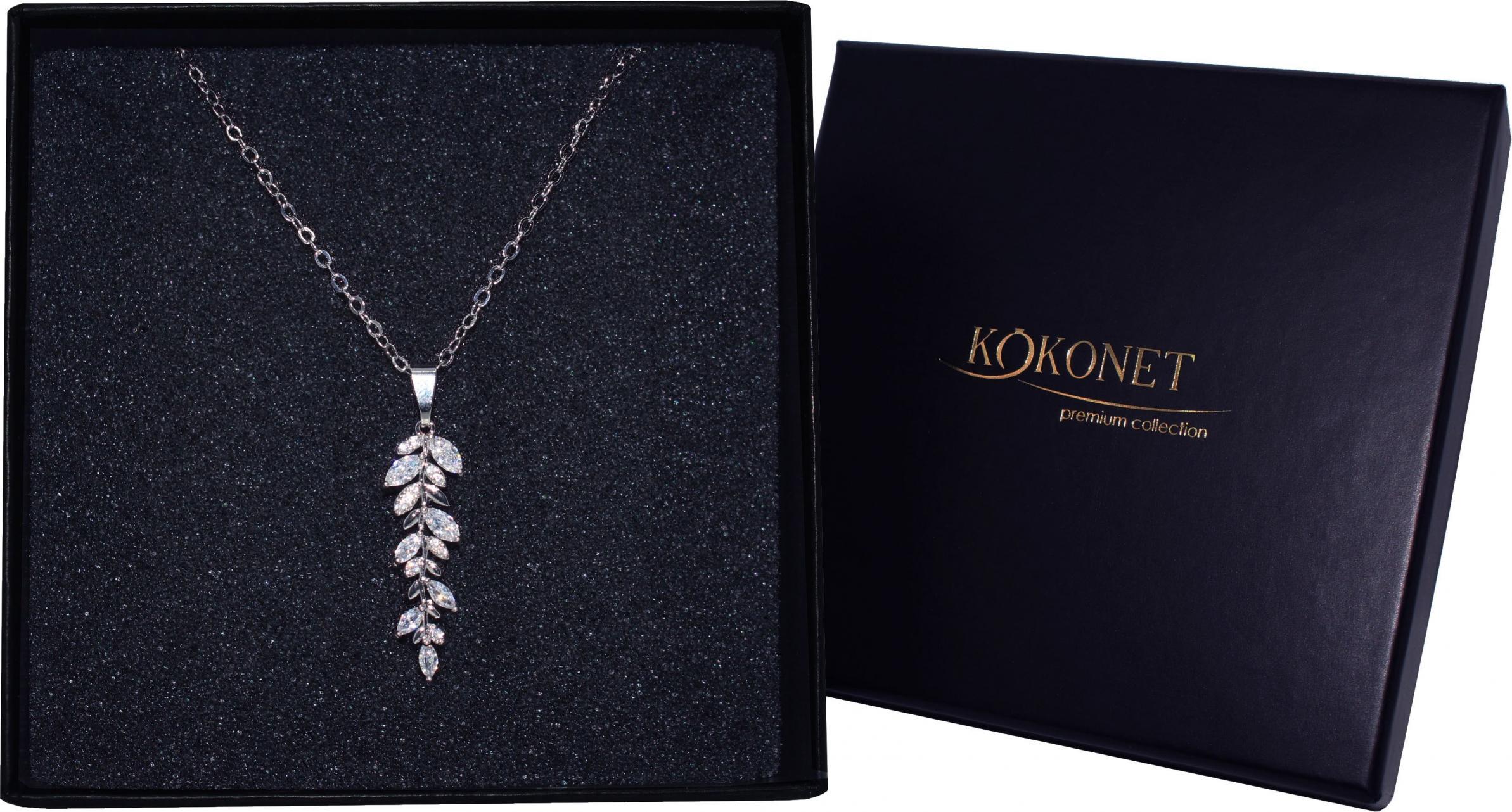 KOKONET Łańcuszek z listkiem ślub prezent gwarancja srebro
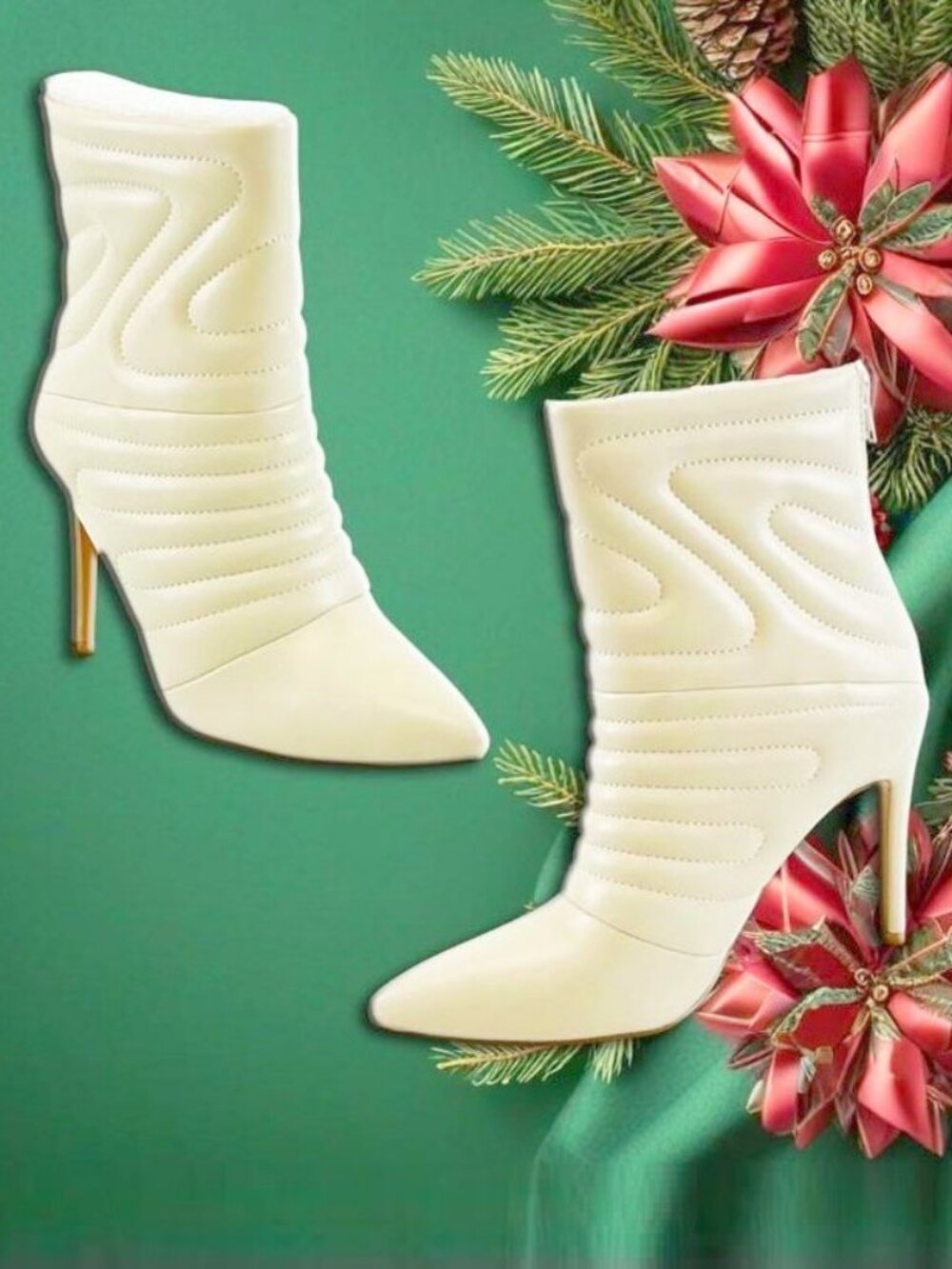 NEW WOMEN'S GLAZE ANKLE BOOTS SIZE 6.5 (6 1/2) FAUX CREAM LEATHER STILETTO HEELS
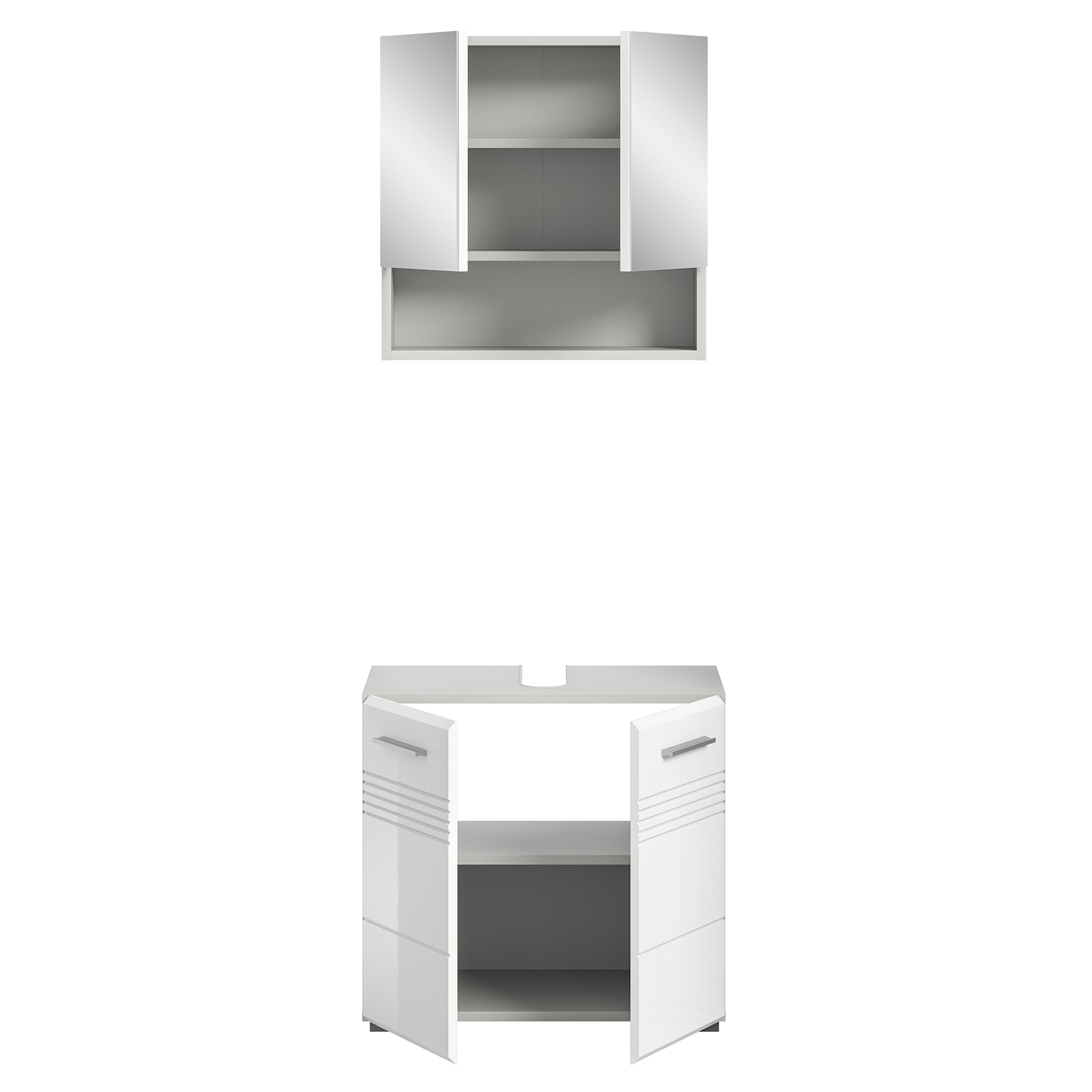 2-teiliges Badmöbel-Set COPA - weiß Hochglanz - hellgrau - 60 cm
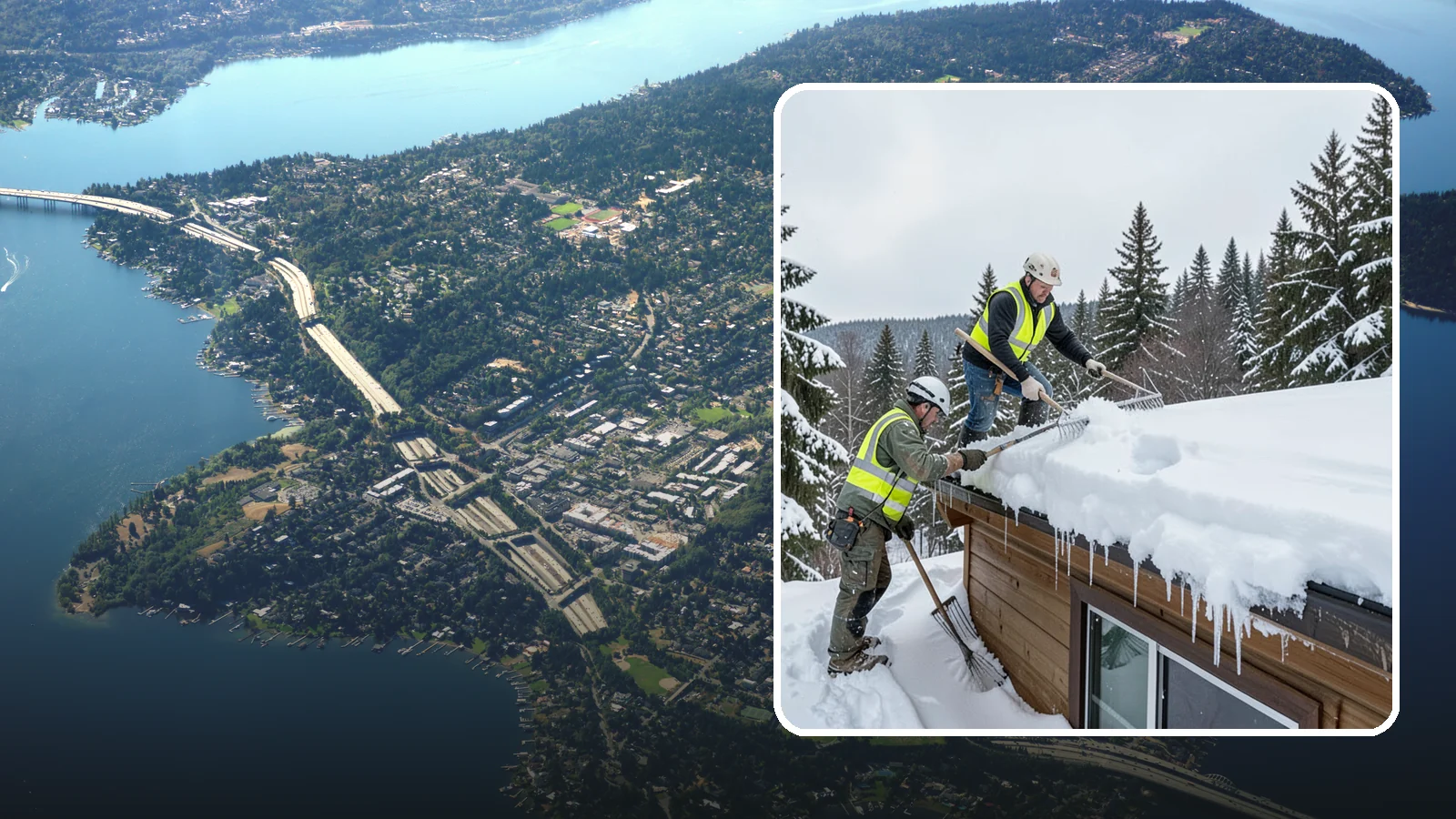 Low-Slope Roof Snow Removal in Mercer Island, King County, WA - We remove snow from flat and low-slope roofs where heavy Northwest snow collects and lingers.
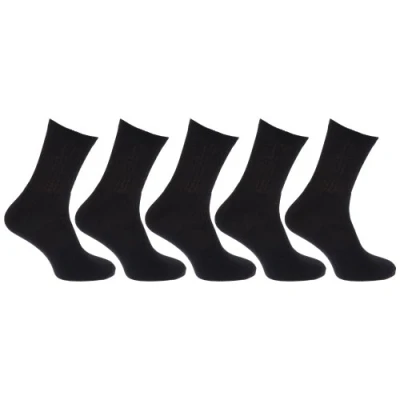 Image of Mens Cotton Rich Sports Socks (Pack Of 5) (UK Shoe 6 11, EUR 39 45) (Black)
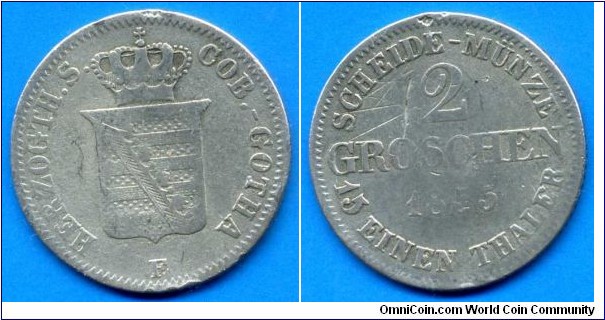 2 groschen.
Sachsen-Coburg-Gotha.
Ernst II (1844-1893).
Mintage 81,000 units.


Ag312f. 3,11gr.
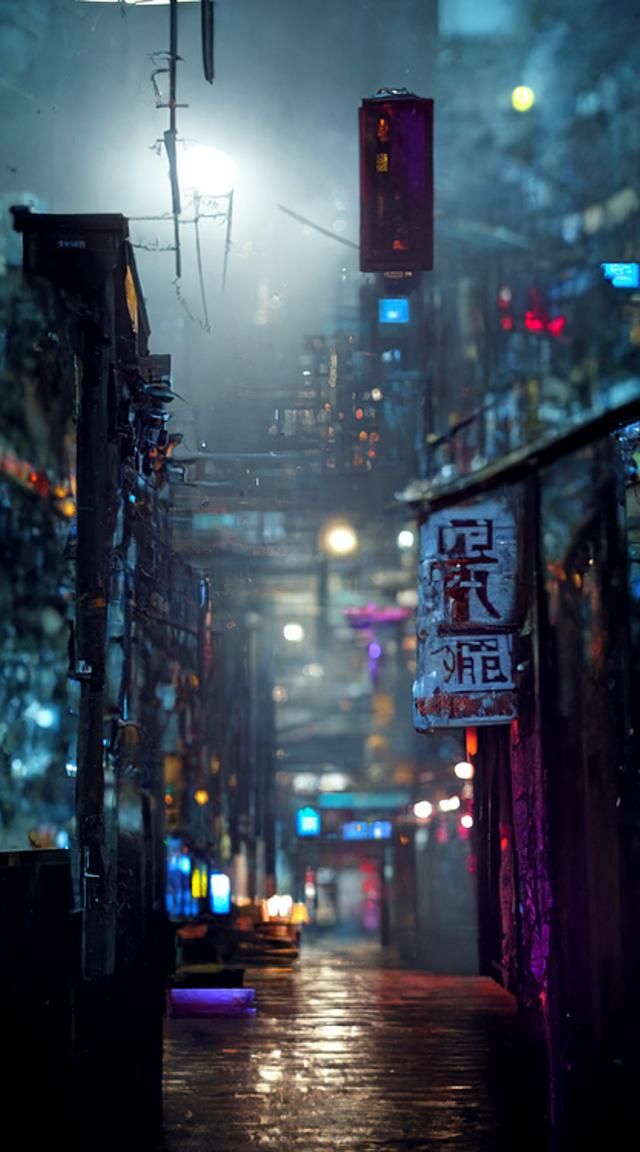 Futuristic City Street at Night in Cyberpunk Style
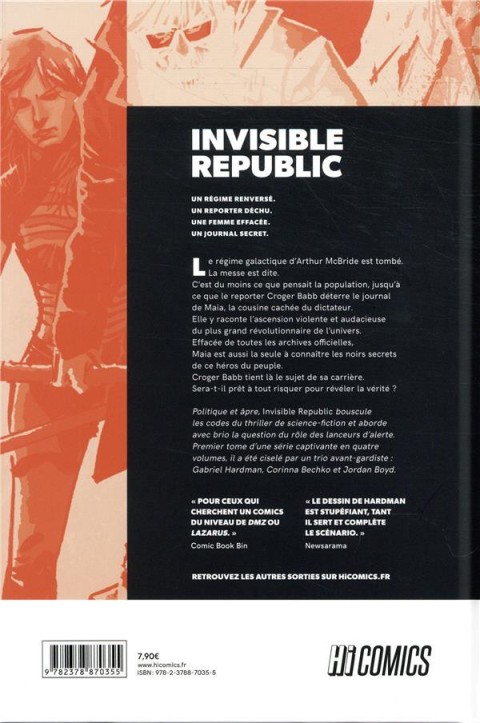 Verso de l'album Invisible Republic Tome 1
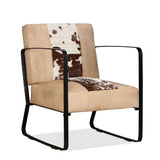 Lounge Chair Cream Genuine Goatskin and Canvas - Rear View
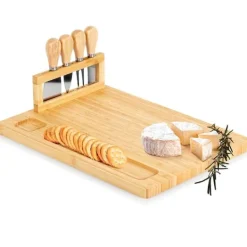 Serveringsfat & Skålar-Ostbricka i bambu med knivar, 5 delar.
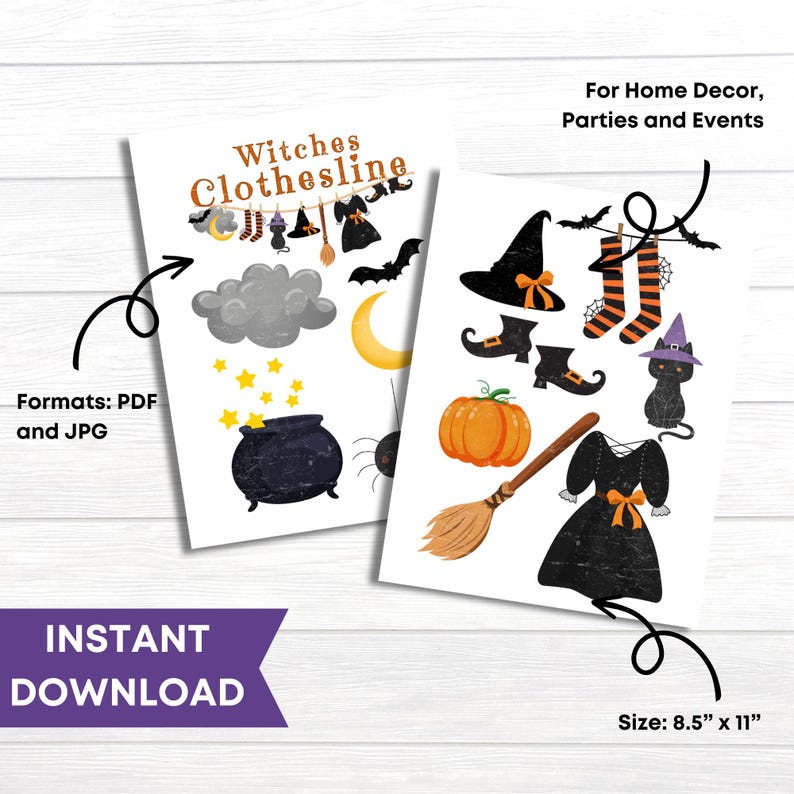 May include: Printable Halloween witch themed digital paper with a clothesline, cauldron, stars, moon, spider, broom, witch hat, boots, dress, and black cat. The paper is 8.5 inches by 11 inches.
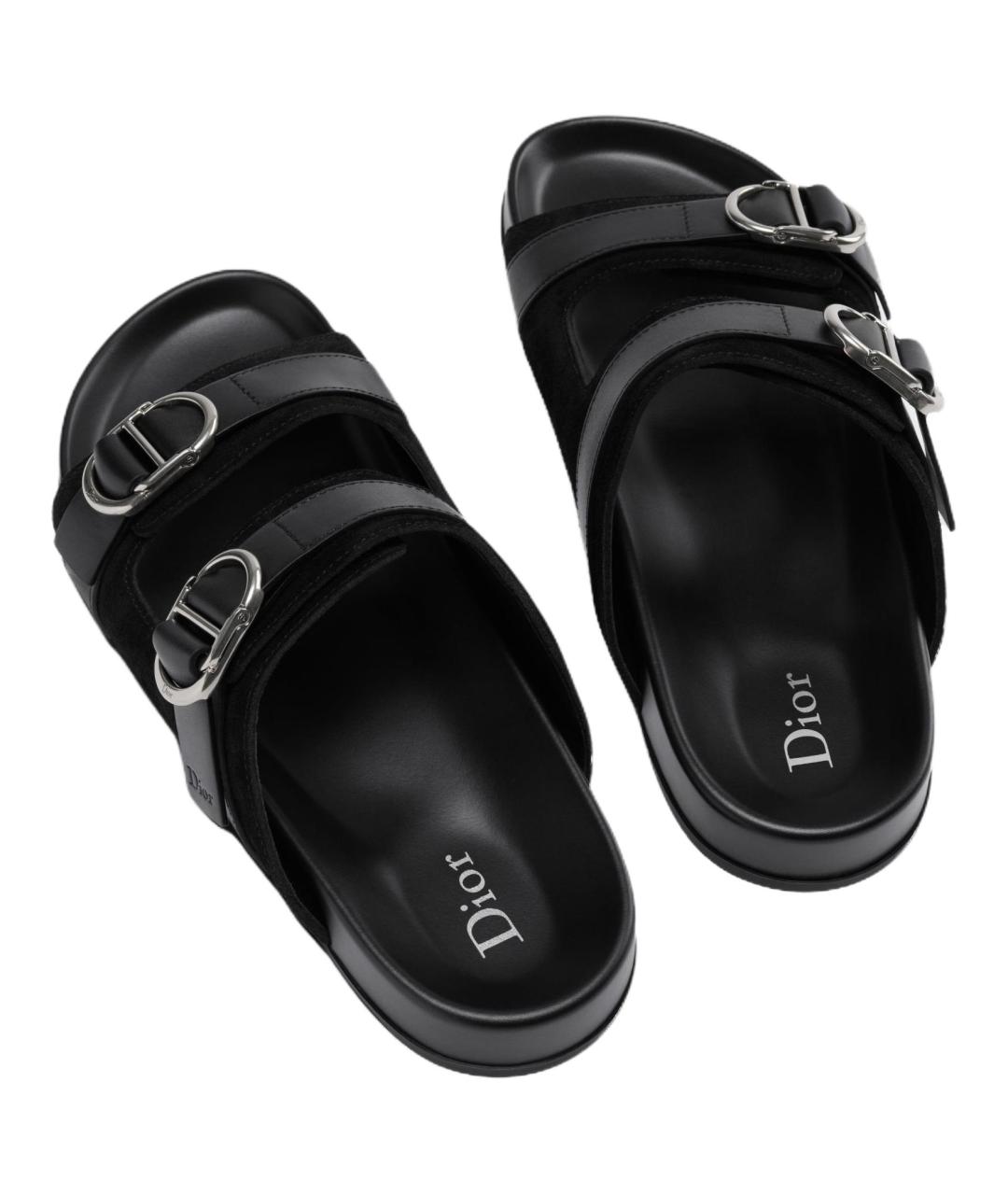 CHRISTIAN DIOR Черные кожаные сандалии, фото 4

┄┄┄┄┄┄┄┄┄┄┄┄┄┄┄┄┄┄┄┄

→ **EXERCISE INSTRUCTIONS**:
The lines wanted are those from the one with "Ernst II (1844-1893)." to the end of the entries above, repeated exactly, both ends included. Leave out the pictures.

→ **SOLUTION FOR THIS PROBLEM**:
Ernst II (1844-1893).
Mintage 81,000 units.


Ag312f. 3,11gr.
 Futuristic City Street at Night in Cyberpunk Style
 Verso de l'album Invisible Republic Tome 1
 Lounge Chair Cream Genuine Goatskin and Canvas - Rear View
 Serveringsfat & Skålar-Ostbricka i bambu med knivar, 5 delar.
 May include: Printable Halloween witch themed digital paper with a clothesline, cauldron, stars, moon, spider, broom, witch hat, boots, dress, and black cat. The paper is 8.5 inches by 11 inches.
 CHRISTIAN DIOR Черные кожаные сандалии, фото 4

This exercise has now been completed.